EXERCISE>
When a record holds a picture, leave the picture out and copy everything else exactly.

[RECORDS SHOWN — start]

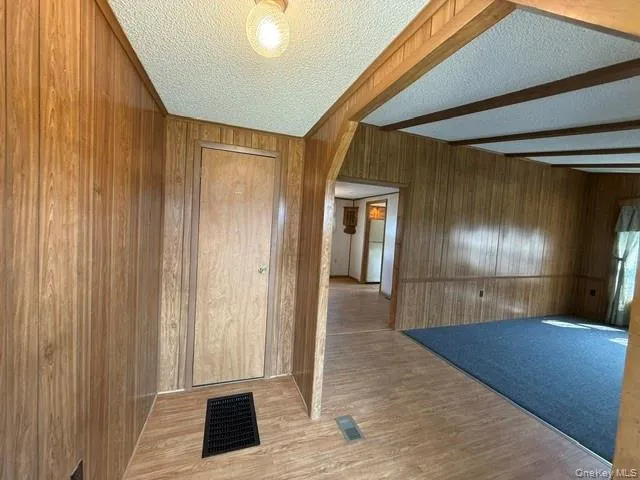 567 Sheafe Rd #43 Wappingers Falls, NY 12590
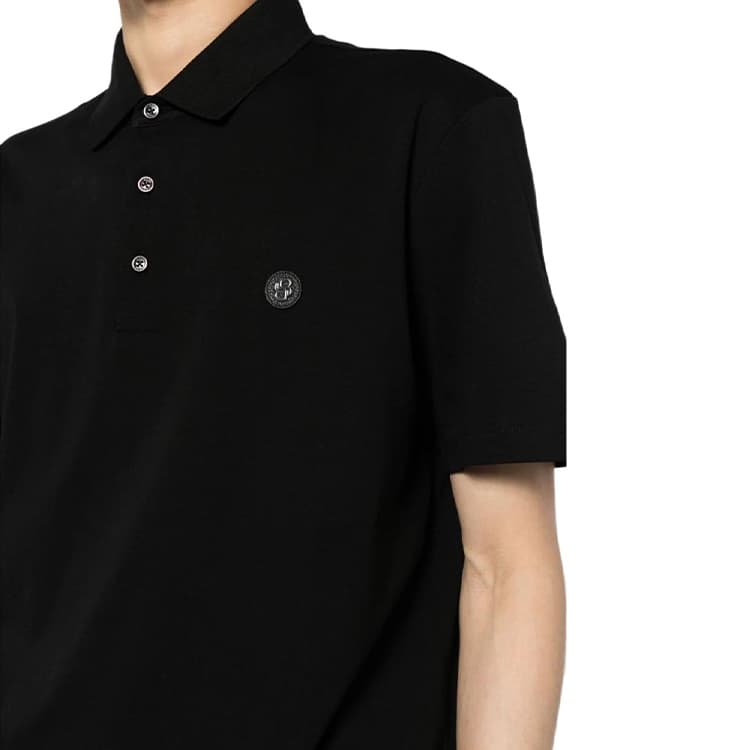 Поло HUGO BOSS PoloPolo - изображение 5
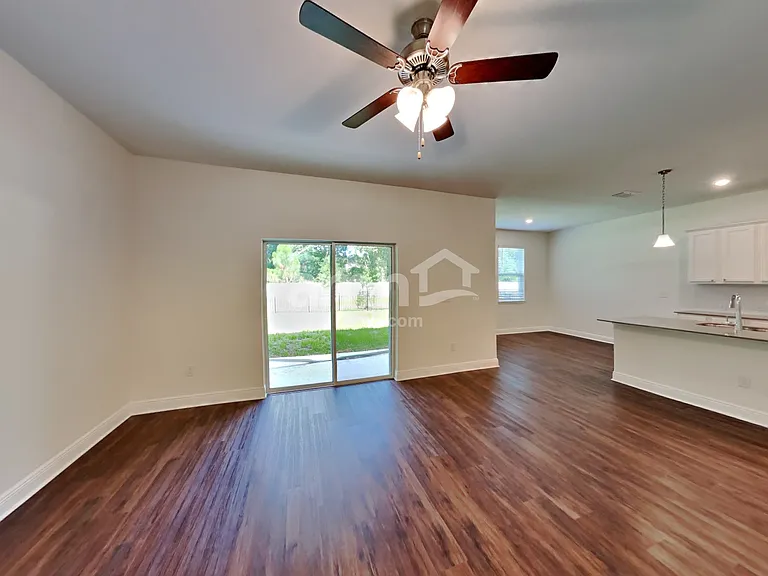 22477 Bellini Cir — Photo 8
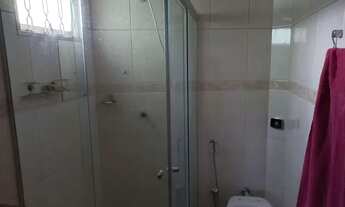 Imagem 4: Sobrado de fundos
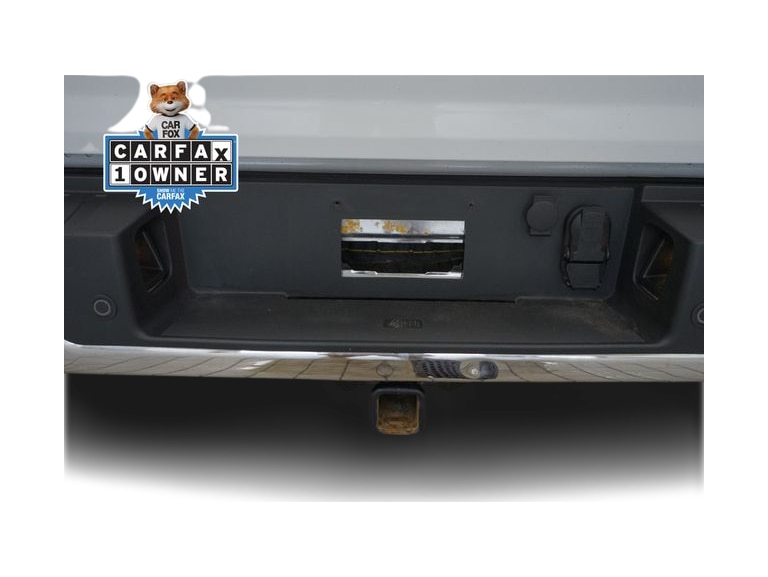 Thumbnail: 2024 Ford F-150 - 22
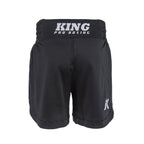 King Pro Boxing Apex Pro Muay Thai Short nr. 1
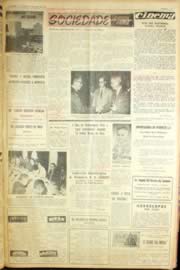 Hemeroteca - pagina Unitario_1963_05_0091.jpg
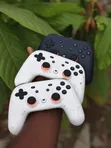 Google Stadia Controller (Used) - 2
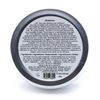 Wild Hare Solid Shampoo 60g -Vegan and Handmade in the UK (Orchid)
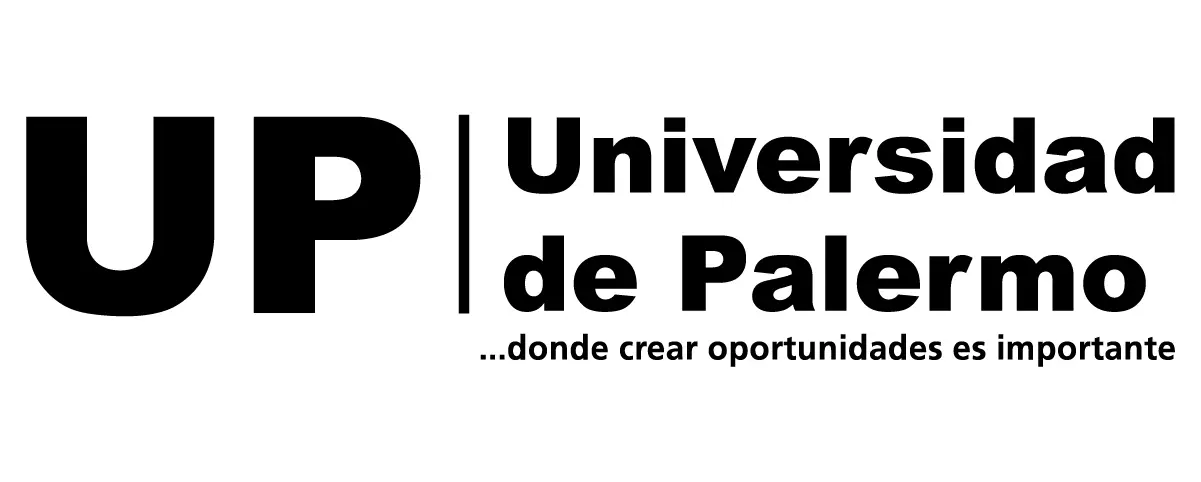 Palermo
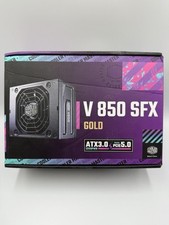 Cooler master v850 for sale  Chicago
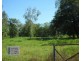 Lot 1431,  Miles Road, Batchelor NT 0845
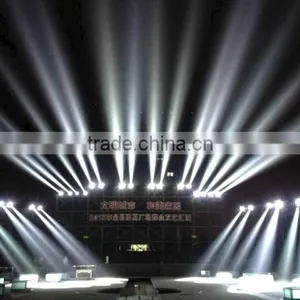Guangzhou Hot Selling 330W15r Beam LED Moving Head Light thumbnail-2
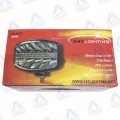 FARO DE CONDUCCION (LUZ DE CARRETERA 2800lm 48W) (LUZ DE POSICION 196lm 4,5W) 12-24V MOD: CA6169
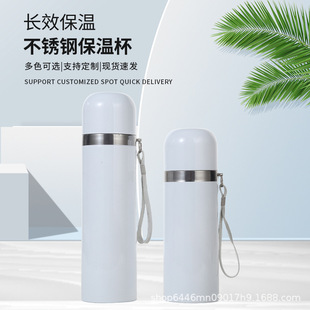 �հן����A�T�ӱ���DIY�����ӏ��^304���P䓱��ر�܇�d��y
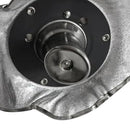 Volvo FMX III 460 Harnstoffeinspritz-Dosiermodul 0444023019 21738138
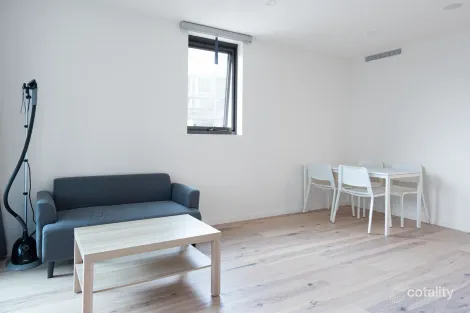 Property photo of 306/65 Cooyong Street Braddon ACT 2612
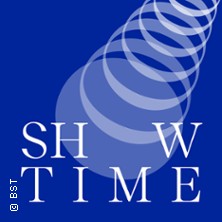 Showtime – Die besten Lieder der Welt 01.03.2026 Badisches Staatstheater Karlsruhe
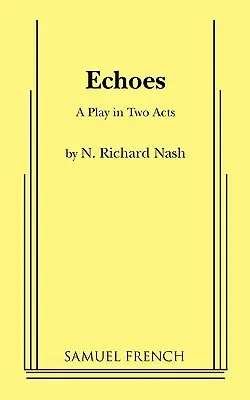 Echoes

[RECORDS SHOWN — finish]

ANSWER SPACE>
 567 Sheafe Rd #43 Wappingers Falls, NY 12590
 Поло HUGO BOSS PoloPolo - изображение 5
 22477 Bellini Cir — Photo 8
 Imagem 4: Sobrado de fundos
 Thumbnail: 2024 Ford F-150 - 22
 King Pro Boxing Apex Pro Muay Thai Short nr. 1
 Hemeroteca - pagina Unitario_1963_05_0091.jpg
 Google Stadia Controller (Used) - 2
 Wild Hare Solid Shampoo 60g -Vegan and Handmade in the UK (Orchid)
 Palermo
 Cooler master v850 for sale  Chicago
 Lot 1431,  Miles Road, Batchelor NT 0845
Guangzhou Hot Selling 330W15r Beam LED Moving Head Light thumbnail-2
 FARO DE CONDUCCION (LUZ DE CARRETERA 2800lm 48W) (LUZ DE POSICION 196lm 4,5W) 12-24V MOD: CA6169
 �հן����A�T�ӱ���DIY�����ӏ��^304���P䓱��ر�܇�d��y
 Volvo FMX III 460 Harnstoffeinspritz-Dosiermodul 0444023019 21738138
 Property photo of 306/65 Cooyong Street Braddon ACT 2612
 Showtime – Die besten Lieder der Welt 01.03.2026 Badisches Staatstheater Karlsruhe
 Echoes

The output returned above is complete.